Circulating blood irisin levels were about 3.6 nanograms per milliliter (ng/mL) in sedentary individuals, and slightly higher—4.3 ng/mL—in those who did aerobic internal training. “This is the level at which many biologically active hormones circulate,” said Spiegelman.
“This quantitative mass spectrometry analysis is a major step forward to understand how this hormone affects human metabolism,” said Francesco Celi of the Virginia Commonwealth University Medical Center who also studies irisin but was not involved in the work.
But Harold Erickson, a cell biologist at Duke University in Durham, North Carolina, who was an author on a study disputing the existence of irisin, is still not entirely convinced. “The mass spectrometry seems to be done very correctly but I think it is still a possibility that the 3 ng/mL concentration [protein] is a contaminant of some sort,” he told The Scientist. Citing a 2013 paper that showed very low translation of the human FNDC5 gene from the ATA compared to the ATG codon, Erickson said he is skeptical that humans have retained functional FNDC5.
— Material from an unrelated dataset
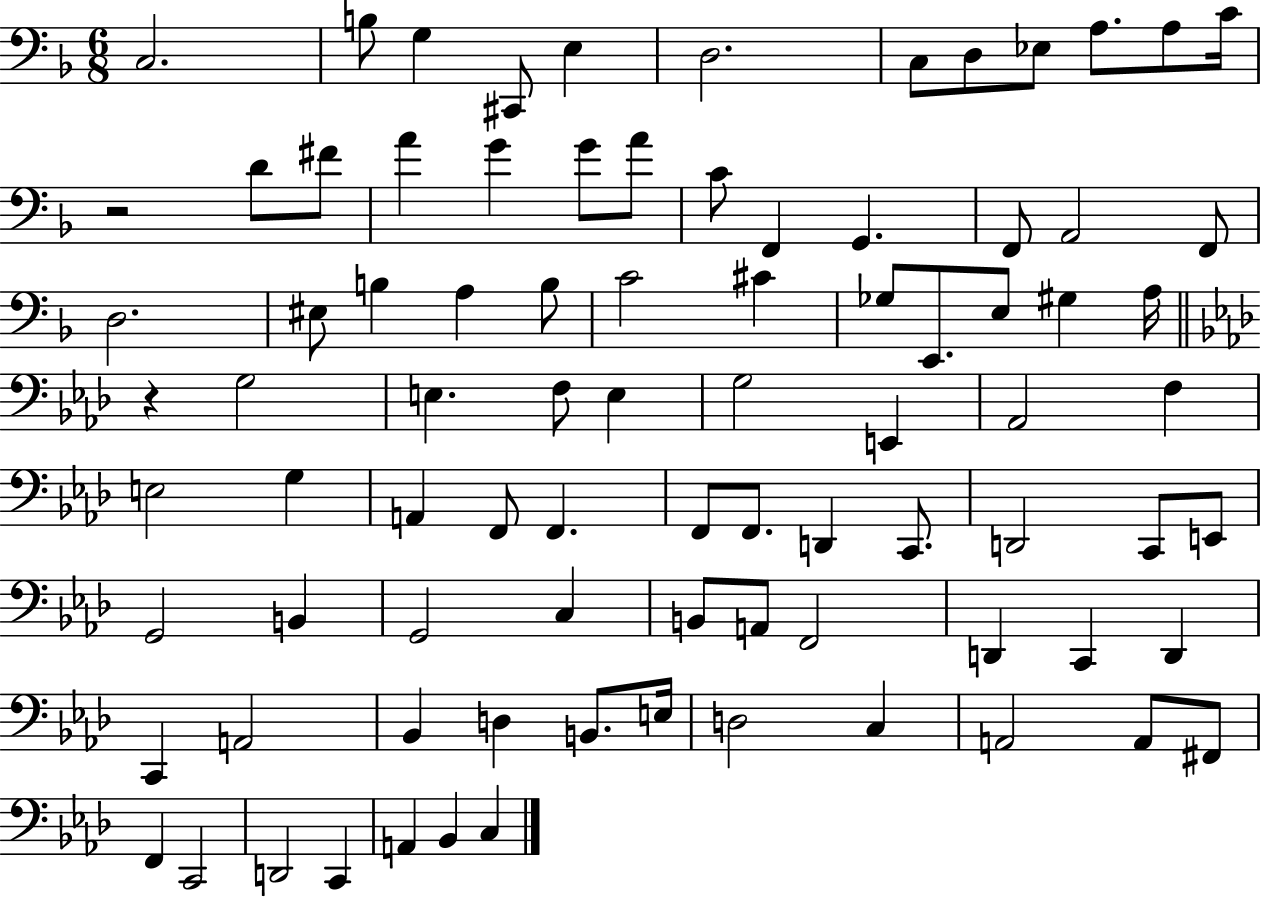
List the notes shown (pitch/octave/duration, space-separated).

C3/h. B3/e G3/q C#2/e E3/q D3/h. C3/e D3/e Eb3/e A3/e. A3/e C4/s R/h D4/e F#4/e A4/q G4/q G4/e A4/e C4/e F2/q G2/q. F2/e A2/h F2/e D3/h. EIS3/e B3/q A3/q B3/e C4/h C#4/q Gb3/e E2/e. E3/e G#3/q A3/s R/q G3/h E3/q. F3/e E3/q G3/h E2/q Ab2/h F3/q E3/h G3/q A2/q F2/e F2/q. F2/e F2/e. D2/q C2/e. D2/h C2/e E2/e G2/h B2/q G2/h C3/q B2/e A2/e F2/h D2/q C2/q D2/q C2/q A2/h Bb2/q D3/q B2/e. E3/s D3/h C3/q A2/h A2/e F#2/e F2/q C2/h D2/h C2/q A2/q Bb2/q C3/q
Spiegelman’s lab previously showed that irisin could induce the browning of white fat, turning fat from inert to metabolically active. Using knockout and transgenic mice, his team is now investigating the hormone’s mechanism of action and whether irisin has additional functions related to exercise. “How many other [exercise-related] things that can be embodied by irisin is what is exciting for me,” said Spiegelman.
With these latest results in hand, said Enerbäck, “the field can now turn to evaluating the effects of irisin on human physiology.”
M.P. Jedrychowski et al., “Detection and quantitation of circulating human irisin by tandem mass spectrometry,” Cell Metabolism, doi:10.1016/j.cmet.2015.08.001, 2015.